Proposals to cut the FANGs down to size echo traditional antitrust reactions from an economy that no longer exists. These include breaking up big tech into smaller components, unwinding mergers, or even regulating the firms like public utilities to reduce their profits. But breaking up the FANGs will not change the structure of the economy; it will only put U.S. companies at a disadvantage to their foreign rivals. Nor will breaking up big tech eliminate Internet conspiracy theories or quack medical advice. New platforms create more places for “toxic” ideas to grow and find an audience, and they’re harder to monitor.
There is certainly scope for regulation. For example, Apple and Amazon are accused of featuring their products more prominently, putting smaller retailers at a disadvantage. Google allegedly privileges its own sites in searches. These abuses can be regulated, but regulation should be implemented carefully; when Europe put restrictions on data usage, it only made it harder for small tech firms to compete.
We should be grateful for the FANGs. Throughout the Covid-19 pandemic, they provided a lifeline—Amazon delivered goods, social media and search helped us feel connected, and streaming media entertained us. The size and scope of these firms meant that we could move our lives online in ways that were unimaginable even ten years ago. And the breakout star of the pandemic suggests that competition is not dead: Zoom prevailed over more established technology companies like Skype, Gchat, or Microsoft Teams to emerge as the critical technology that made work and even social events possible.
The Zoom story demonstrates that a large network is not a durable market advantage the way that a power grid is. Users are fickle; it’s not hard to find another search engine, social media platform, or video chat interface if a better one is available. If a firm fails to innovate and offer a superior product, the market will eventually shrink it. A few years ago, everyone, especially Europeans, worried that Microsoft had too much monopoly power. Despite many lawsuits, eventually it was the market, or better products from competitors, that reduced the feared reach of Bill Gates. Facebook is already dwindling. Young people don’t use it. Ever since data-usage scandals emerged, I and many of my “friends” log in less frequently. As people post less content, they use the platform less, and the “network effect” diminishes. Facebook’s other products will experience the same fate as users age and new ones avoid their parents’ network.
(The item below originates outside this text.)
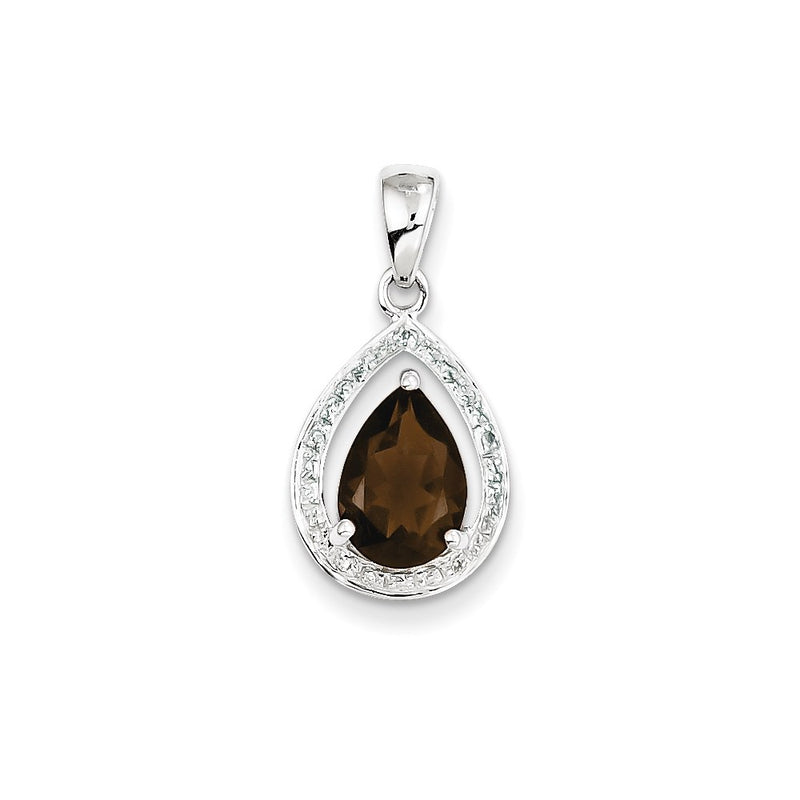 Sterling Silver Rhodium Smoky Quartz & Diamond Pendant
Even Amazon’s future is not assured. Just 20 years ago, it was unthinkable that any retailer could displace Walmart, which was criticized as monopolistic. Walmart still brings in more revenue than Amazon, but no one today would characterize it as a monopoly. Amazon’s share of the e-commerce market is much larger and growing, but there is no guarantee that the next generation will be dependent on it to the same degree.
Market concentration poses risks, and more can be done to encourage competition in terms of product placement and search results. Fewer firms leave our economy more dependent, less diversified, and more vulnerable. But breaking up big tech is an old solution to an old problem. In a new economy, we need new forms of regulation—and we should proceed with caution.